The results serve as a community report card and way to allocate dollars and prioritize funding to nonprofits working in those areas.
For example, 44 percent of students meet fourth-grade math standards, which is worse than the statewide average, and 42 percent of total youths arrested per 1,000 youths were ages 10-17.
“If you look at these indicators, the more red lights we see are in children and youth,” said LoAnn Ayers, president and chief executive officer of the Kennewick-based United Way. “That doesn’t speak well for future employees, future customers and future voters.”
And the need is great. United Way only has $1 to give for every $3 requested.
“We have more need than money,” Ayers said.

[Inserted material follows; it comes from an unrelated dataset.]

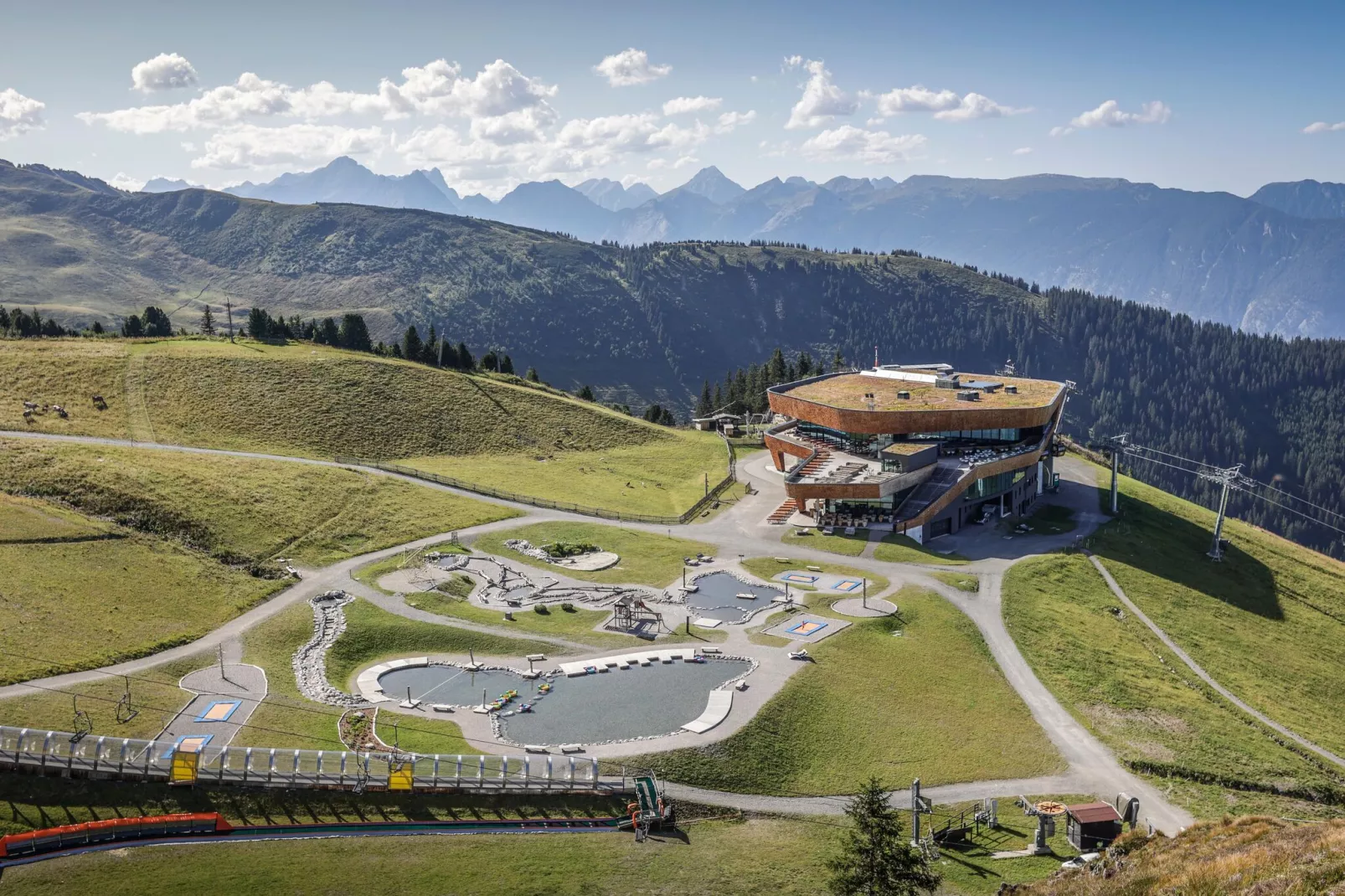 Thaler Hütte - Platzhirsch-Gebieden zomer 5km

She said issues like hunger, homelessness and mental health do not appear in the report card because there are no publicly available data sources measuring those things—but there is still a need.

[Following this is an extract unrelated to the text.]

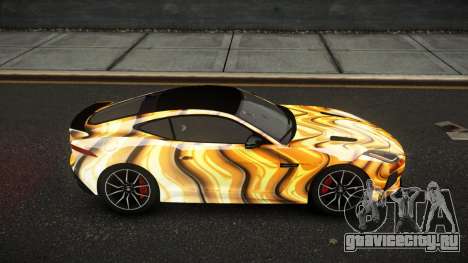 Jaguar F-Type Shexmuel S10 для GTA 4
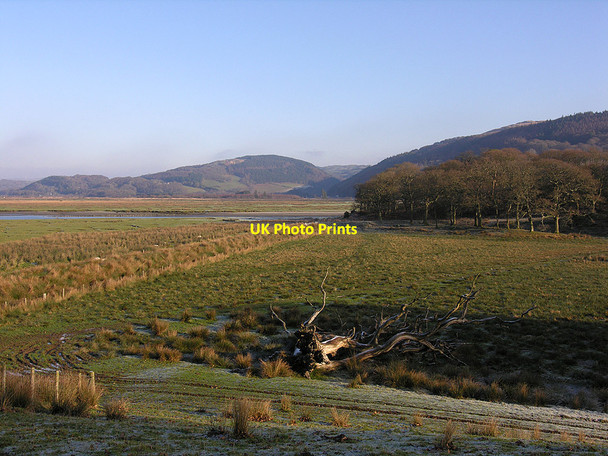 Photo 6"x4" Field near Domen Las Eglwys Fach c2005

“Public health and safety systems are reporting these things are a problem, but we don’t have a good way of measuring it,” Ayers said.
Ayers said United Way’s mission is simple—to use people’s donations to fill critical funding gaps in local services.
“We’re like an investment firm for people’s philanthropy,” she said.
United Way operates with 30 board members, a staff of 12, and an annual operating budget of $677,000.
Last year it raised $3.1 million, which was slightly down from 2017, due to corporate changeovers from some of its biggest health care donors. This year, the goal is to meet or beat last year’s numbers.
Ayers is worried that an upcoming presidential election might hinder efforts.
“Hanford contractors may change. Philanthropy really depends on employee confidence, if they are worried about their job, they don’t give,” Ayers said.
Last year’s campaign funded 23 local agencies and 38 programs helping more than 58,000 people in Benton and Franklin counties through two-year community impact grants.
More than 40 percent of the money raised goes to the programs in the areas of greatest need, while 43 percent represents money donors designate to one or more specific nonprofits.
The current funding cycle runs through June 2020. Requests for proposals for the upcoming two-year cycle open in January.
United Way helped fund projects such as Senior Life Resources’ Meals on Wheels for Those Under 60 program, housing assistance for Domestic Violence Services, refugee high school support provided by the Family Learning Center and Benton Franklin Head Start’s school readiness program.
“Many of our high school girls want to become nurses, so we took them to visit Nalina (DeLaMora) at Three Rivers Place to learn about working in an assisted living facility,” said a staff member at the Family Learning Center, who asked not to be named.
“Nalina shared about her journey to her current job as the marketing director for the facility. She worked as a home care aide while working on her bachelor’s degree in college. Nalina was a great example for our girls, helping them better understand the work opportunities in the U.S.”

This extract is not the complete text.